Our study has some limitations. First, the studied population was broadly young. Indeed, the average age of intensivists in France is 51 years [36]. A larger age gap between senior physicians and residents could have magnified the cognitive performance differences between the two groups. Second, for practical reasons (in terms of the time required to complete the tests, particularly after a night shift), we chose to evaluate only one subtest of each WAIS index, excluding Verbal Comprehension, which seemed unlikely to be affected by a night shift. Third, the night shifts might have been unequal in terms of workload, quantity or quality of sleep and sleep duration during the night preceding the night shift. This point is difficult to assess because a rest night might be of poor quality in terms of sleep duration. In our study, however, all physicians and residents from the three ICUs had the same workload on the day of NS evaluation. Moreover, sleep loss in the clinical situation is usually acute sleep deprivation superimposed on chronic sleep loss. However, a relatively large cohort of physicians was analyzed, allowing us to temper the influence of these parameters.

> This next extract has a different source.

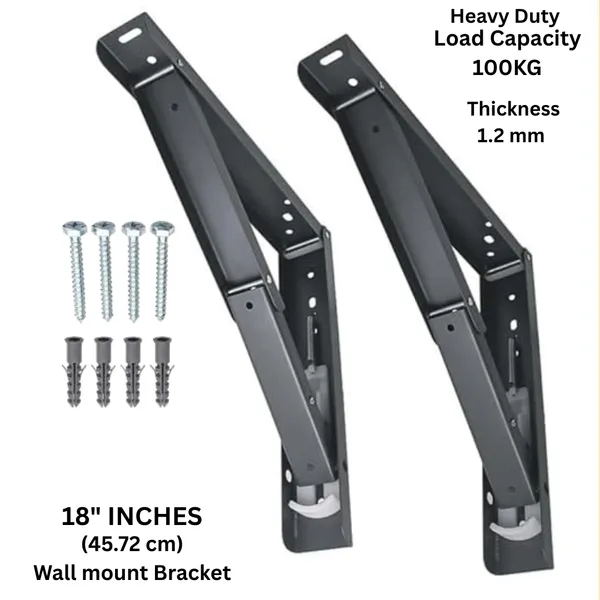 Nirogi_Jeevan™_Premium_Heavy_Duty_18"_(45cm)_1.2mm_Thickness|_Foldable_Mild_Rack_Shelves_Bracket_For_Shelf/Table_45_Shelf_Bracket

The debate continues, but there is now a strong trend towards limiting physicians’ working hours, at least in Europe and the USA. Our study extends the physiological knowledge on the lack of sleep among intensivists after a night shift, and it challenges the current knowledge of the cognitive consequences of acute tiredness. We have shown a significant decrease on skills partially involved in decision-making capacities through psychometrically internationally validated tests. Further studies are needed to clarify when the cognitive performances of ICU physicians decline during a night shift, as well as the possible consequences for ICU patients. Indeed, the possible deleterious consequences for ICU patients remain to be studied. It is also crucial to optimize the organization of physician working hours [37] and to study the consequences of sleep deprivation on the health of ICU physicians.